07 mars 2016 – Supplément Business des Echos. Page 02
LA CHRONIQUE de Éléna Fourès,
Les conseils d’Éléna Fourès, expert en leadership et multiculturalité, du cabinet IDEM PER IDEM.
Un manager est censé veiller à la rétention de son équipe, a fortiori des éléments clefs. Vous demander si c’est perdre la face que d’essayer de retenir un collaborateur, c’est vous tromper de posture identitaire. C’est donner la primeur à la « Personne » plutôt qu’à la « Fonction » et prendre un départ pour un affront personnel.
Cherchez à comprendre si le collaborateur ou la collaboratrice est en départ effectif ou bien si c’est un moyen d’exercer une sorte de chantage affectif. Vouloir partir et s’en aller vraiment sont deux choses différentes. Beaucoup se contentent d’en rêver, certains en parlent, d’autres menacent de quitter l’entreprise mais, en définitive, peu bougent, seule une minorité passe à l’acte. Le chemin vers le départ effectif est long et passe par le « Détroit des incertitudes » à traverser. Discernez le chantage des vraies frustrations, ne cédez pas au premier, mais engagez-vous à réparer les secondes. Dans le premier cas, il faut vous séparer en bons termes. Prenez une posture de grand seigneur pour assurer que ce sera possible. Dans le deuxième cas, il vous faut comprendre ce qui a fait défaut en termes de reconnaissance (titre, rémunération ou un travail plus pointu ?)…et négocier.

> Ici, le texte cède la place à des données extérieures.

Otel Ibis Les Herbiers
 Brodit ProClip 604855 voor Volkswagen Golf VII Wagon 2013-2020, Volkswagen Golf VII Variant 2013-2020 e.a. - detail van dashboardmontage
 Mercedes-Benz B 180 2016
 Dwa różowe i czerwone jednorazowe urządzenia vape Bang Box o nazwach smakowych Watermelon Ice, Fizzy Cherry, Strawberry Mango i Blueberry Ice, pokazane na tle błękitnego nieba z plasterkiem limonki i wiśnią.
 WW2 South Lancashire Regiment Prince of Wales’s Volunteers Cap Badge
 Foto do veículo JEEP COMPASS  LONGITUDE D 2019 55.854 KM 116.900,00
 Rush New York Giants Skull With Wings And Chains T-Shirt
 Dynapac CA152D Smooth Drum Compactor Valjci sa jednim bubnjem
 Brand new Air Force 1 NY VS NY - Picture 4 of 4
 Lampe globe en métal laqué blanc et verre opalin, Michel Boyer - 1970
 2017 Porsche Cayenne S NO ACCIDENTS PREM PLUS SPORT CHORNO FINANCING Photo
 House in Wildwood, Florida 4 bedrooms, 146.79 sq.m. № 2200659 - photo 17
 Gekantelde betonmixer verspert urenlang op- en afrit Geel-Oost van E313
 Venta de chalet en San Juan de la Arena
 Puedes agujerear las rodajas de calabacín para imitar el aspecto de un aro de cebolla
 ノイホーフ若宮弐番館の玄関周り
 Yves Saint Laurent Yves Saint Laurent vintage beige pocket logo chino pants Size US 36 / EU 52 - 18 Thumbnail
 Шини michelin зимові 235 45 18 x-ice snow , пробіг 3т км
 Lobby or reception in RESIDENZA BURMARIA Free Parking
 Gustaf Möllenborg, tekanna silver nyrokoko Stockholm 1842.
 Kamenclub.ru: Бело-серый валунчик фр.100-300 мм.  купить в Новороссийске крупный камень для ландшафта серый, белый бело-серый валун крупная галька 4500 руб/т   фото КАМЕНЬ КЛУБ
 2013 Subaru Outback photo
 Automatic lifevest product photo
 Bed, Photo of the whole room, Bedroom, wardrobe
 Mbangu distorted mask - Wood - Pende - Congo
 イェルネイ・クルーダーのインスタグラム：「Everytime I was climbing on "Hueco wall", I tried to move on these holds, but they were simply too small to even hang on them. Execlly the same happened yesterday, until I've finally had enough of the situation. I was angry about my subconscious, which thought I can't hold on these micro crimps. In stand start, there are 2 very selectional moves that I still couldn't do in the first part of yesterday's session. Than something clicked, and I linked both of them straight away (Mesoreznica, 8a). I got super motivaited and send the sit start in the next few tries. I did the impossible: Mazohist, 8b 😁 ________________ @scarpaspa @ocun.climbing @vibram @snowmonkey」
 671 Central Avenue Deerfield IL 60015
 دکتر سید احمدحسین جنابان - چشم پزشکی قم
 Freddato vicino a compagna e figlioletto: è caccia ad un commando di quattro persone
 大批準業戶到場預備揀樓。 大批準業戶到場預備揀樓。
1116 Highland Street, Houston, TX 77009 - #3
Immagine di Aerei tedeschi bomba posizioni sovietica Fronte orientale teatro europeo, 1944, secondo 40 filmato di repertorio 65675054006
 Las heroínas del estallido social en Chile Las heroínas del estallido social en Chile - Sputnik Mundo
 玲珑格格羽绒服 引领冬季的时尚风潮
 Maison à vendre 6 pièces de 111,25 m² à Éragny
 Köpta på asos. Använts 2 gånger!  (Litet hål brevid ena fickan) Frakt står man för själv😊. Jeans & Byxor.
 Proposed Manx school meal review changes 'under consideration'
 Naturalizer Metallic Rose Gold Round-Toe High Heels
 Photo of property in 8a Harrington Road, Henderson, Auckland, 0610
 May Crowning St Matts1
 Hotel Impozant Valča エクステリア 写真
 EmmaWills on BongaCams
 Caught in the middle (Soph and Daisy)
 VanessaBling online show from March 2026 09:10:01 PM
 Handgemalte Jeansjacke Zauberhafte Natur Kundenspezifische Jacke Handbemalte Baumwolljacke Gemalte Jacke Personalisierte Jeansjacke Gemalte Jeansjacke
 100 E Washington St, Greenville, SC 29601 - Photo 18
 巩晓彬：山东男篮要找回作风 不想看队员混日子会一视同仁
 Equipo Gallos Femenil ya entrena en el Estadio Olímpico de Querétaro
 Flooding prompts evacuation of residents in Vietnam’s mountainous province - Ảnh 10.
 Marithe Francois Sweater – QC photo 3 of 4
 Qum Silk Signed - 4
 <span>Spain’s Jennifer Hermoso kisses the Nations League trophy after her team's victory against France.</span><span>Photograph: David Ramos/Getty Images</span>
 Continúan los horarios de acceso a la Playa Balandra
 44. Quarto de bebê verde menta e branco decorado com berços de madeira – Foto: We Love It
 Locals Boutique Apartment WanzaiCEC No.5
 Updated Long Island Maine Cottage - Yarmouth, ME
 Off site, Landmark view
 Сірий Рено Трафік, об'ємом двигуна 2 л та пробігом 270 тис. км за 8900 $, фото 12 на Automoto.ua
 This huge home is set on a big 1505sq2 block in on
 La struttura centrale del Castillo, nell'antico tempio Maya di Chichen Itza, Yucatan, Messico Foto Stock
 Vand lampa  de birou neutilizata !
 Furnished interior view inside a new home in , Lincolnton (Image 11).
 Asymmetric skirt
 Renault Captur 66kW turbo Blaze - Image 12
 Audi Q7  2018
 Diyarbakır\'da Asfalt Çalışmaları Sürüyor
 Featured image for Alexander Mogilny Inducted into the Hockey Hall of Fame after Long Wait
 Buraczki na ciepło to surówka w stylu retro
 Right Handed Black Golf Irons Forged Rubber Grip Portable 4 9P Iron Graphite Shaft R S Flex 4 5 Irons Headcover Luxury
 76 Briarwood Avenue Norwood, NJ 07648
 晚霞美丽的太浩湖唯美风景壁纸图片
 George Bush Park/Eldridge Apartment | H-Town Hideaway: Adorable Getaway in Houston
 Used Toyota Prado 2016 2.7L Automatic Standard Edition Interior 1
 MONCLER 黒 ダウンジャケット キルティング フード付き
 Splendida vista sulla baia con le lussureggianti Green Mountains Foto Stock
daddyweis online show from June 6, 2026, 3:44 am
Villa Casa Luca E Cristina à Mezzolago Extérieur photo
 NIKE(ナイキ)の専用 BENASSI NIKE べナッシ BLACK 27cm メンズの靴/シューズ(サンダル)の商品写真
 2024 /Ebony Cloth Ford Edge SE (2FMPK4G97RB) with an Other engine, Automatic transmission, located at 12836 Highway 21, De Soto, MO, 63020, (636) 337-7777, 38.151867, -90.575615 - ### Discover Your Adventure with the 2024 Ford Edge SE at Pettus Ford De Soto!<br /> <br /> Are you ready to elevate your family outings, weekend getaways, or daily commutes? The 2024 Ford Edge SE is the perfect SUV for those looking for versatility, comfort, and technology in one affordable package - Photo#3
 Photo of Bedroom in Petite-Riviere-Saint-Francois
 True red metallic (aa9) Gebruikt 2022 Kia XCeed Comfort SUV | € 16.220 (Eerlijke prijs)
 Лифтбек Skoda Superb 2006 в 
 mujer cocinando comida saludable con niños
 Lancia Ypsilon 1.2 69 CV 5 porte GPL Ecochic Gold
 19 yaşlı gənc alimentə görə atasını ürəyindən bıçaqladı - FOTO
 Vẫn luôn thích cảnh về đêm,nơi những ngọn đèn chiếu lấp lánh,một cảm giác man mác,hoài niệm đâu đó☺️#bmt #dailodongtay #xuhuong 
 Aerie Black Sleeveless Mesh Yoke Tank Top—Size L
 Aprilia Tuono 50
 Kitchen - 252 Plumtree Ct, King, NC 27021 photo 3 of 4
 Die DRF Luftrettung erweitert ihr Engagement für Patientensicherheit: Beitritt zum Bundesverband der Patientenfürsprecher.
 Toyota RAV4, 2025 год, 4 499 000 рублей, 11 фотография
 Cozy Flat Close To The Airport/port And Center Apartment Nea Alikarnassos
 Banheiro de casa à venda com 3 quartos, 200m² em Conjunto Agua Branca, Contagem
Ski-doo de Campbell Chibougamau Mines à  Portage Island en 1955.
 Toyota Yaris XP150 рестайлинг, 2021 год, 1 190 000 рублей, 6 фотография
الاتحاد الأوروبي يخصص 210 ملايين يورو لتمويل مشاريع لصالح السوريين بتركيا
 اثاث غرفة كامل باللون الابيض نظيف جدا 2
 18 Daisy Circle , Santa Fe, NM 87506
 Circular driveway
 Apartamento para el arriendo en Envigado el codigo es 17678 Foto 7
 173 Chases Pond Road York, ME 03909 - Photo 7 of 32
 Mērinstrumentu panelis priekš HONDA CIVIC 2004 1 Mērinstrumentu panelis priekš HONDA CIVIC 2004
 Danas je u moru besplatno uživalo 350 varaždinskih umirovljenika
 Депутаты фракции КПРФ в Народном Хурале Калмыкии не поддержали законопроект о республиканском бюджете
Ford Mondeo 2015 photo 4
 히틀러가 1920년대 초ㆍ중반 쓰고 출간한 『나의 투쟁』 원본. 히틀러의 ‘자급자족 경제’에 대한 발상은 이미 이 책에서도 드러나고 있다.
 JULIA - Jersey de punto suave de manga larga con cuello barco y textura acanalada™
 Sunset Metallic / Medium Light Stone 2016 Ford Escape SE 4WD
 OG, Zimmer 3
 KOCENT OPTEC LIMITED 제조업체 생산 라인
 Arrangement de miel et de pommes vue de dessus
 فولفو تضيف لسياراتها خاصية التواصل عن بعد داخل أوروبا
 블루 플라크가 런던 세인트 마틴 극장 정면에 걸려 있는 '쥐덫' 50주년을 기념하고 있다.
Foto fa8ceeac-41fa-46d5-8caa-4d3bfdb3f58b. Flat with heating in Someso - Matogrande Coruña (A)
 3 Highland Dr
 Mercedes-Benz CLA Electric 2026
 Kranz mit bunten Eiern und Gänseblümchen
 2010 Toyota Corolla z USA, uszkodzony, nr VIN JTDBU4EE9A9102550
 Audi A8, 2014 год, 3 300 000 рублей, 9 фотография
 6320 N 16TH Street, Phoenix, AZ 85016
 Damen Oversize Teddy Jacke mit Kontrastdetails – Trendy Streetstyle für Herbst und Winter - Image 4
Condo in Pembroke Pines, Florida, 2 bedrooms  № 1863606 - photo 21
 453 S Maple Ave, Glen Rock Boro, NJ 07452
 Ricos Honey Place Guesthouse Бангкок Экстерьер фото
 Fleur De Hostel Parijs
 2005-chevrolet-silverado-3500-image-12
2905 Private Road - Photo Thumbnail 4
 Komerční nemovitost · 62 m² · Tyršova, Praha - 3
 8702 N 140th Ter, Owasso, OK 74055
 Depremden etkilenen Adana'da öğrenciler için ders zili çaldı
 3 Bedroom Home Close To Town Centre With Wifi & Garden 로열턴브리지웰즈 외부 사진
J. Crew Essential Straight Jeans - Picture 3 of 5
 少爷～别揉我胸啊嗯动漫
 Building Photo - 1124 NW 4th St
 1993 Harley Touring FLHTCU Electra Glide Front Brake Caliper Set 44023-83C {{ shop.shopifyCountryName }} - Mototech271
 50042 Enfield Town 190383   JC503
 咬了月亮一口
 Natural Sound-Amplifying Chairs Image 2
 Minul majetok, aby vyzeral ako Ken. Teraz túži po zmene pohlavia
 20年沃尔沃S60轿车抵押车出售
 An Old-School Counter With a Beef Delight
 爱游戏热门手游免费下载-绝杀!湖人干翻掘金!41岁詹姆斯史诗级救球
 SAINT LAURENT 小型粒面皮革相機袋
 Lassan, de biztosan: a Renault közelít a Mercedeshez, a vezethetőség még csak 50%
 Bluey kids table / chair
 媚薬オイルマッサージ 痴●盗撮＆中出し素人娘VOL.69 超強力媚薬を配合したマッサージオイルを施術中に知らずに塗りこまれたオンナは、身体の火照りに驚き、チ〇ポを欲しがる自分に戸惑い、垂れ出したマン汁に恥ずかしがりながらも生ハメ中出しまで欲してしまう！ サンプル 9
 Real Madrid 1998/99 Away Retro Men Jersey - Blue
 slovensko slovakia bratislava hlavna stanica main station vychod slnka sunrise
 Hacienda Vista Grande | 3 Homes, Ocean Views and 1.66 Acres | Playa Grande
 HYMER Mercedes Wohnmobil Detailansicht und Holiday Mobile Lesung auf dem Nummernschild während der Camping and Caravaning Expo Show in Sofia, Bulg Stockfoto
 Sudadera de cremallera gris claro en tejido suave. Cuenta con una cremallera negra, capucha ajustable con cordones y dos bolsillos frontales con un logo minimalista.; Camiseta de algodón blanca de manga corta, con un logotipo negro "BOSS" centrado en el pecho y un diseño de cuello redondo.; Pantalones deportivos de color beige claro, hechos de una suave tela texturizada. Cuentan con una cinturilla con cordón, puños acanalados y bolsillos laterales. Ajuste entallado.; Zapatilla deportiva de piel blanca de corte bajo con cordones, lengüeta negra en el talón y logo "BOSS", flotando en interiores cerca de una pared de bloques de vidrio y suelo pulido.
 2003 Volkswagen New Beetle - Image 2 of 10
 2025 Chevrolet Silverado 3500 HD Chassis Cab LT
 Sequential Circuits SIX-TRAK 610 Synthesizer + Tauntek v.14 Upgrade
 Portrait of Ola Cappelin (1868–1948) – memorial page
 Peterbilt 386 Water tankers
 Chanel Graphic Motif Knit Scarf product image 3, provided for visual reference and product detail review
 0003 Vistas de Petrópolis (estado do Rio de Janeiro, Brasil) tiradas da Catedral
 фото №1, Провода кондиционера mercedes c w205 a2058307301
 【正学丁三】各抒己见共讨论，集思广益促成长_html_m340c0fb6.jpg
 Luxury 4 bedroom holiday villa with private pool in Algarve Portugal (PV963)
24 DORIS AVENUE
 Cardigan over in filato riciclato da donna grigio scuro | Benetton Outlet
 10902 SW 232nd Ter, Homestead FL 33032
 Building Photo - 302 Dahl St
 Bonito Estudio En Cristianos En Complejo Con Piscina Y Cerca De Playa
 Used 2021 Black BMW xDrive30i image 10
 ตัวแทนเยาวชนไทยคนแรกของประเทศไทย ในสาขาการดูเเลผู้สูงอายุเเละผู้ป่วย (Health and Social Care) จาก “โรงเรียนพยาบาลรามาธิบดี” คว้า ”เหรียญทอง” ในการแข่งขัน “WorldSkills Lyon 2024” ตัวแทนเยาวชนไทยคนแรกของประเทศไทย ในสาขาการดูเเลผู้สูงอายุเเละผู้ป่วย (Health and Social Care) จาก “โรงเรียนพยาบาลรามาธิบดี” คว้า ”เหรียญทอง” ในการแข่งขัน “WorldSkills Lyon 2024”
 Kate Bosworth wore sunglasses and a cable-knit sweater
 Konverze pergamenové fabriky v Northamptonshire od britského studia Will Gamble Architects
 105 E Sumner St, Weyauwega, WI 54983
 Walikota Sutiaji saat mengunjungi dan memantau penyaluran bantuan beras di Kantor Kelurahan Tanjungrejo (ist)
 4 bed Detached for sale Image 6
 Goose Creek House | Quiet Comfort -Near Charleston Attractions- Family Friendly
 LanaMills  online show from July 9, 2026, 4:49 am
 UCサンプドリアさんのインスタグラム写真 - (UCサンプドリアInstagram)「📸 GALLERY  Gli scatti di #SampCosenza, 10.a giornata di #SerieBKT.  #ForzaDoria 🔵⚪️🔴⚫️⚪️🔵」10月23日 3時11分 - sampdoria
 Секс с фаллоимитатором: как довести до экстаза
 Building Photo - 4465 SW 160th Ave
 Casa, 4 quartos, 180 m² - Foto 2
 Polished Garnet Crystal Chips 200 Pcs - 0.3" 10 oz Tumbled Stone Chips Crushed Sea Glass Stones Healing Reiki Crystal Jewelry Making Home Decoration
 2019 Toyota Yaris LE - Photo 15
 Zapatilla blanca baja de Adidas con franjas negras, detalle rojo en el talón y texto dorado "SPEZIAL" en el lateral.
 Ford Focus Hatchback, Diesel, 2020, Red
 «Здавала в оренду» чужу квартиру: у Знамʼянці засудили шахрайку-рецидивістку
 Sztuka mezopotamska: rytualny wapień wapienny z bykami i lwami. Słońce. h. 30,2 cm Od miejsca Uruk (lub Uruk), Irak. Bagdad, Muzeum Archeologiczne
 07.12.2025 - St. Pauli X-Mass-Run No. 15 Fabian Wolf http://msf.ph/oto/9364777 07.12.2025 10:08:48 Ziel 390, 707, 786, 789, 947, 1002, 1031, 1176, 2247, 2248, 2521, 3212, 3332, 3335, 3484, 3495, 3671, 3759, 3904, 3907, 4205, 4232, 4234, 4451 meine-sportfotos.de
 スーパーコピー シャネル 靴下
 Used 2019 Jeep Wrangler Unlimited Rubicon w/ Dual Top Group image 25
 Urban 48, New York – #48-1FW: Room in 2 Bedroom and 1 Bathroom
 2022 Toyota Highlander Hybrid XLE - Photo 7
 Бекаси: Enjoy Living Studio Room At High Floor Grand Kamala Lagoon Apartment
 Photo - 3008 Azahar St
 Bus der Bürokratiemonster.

Ne manquez pas de rappeler les règles du jeu : personne, vous compris, n’est irremplaçable. Si l’élément clef de l’équipe s’en va, vous trouverez des ressources internes ou externes pour ne pas ralentir les projets en cours. Quels que soient les circonstances et le dénouement, cette situation est une opportunité pour votre leadership : communiquez que vous n’avez pas peur, que vous ne subissez pas, que c’est vous seul qui décidez de le rattraper ou de le laisser partir. La pire des choses à faire serait de pérorer sur l’ingratitude de votre collaborateur ou collaboratrice, « après tout ce vous avez fait en sa faveur ». Il vous faut accepter l’idée que l’on puisse perdre les meilleurs talents, d’où l’intérêt de les bichonner. Ne lui faites pas non plus, pour le retenir, des promesses que vous n’avez pas les moyens d’honorer. Vous y perdriez votre image de manager et votre crédibilité. La tentation est grande de vous dire : « S’il part, c’est à cause de moi. » En ressassant cela, même dans votre for intérieur, vous risquez de transmettre l’idée que vous avez failli à vos propres patrons. In fine, acceptez la situation et tirez-en des leçons en termes de gestion de risques.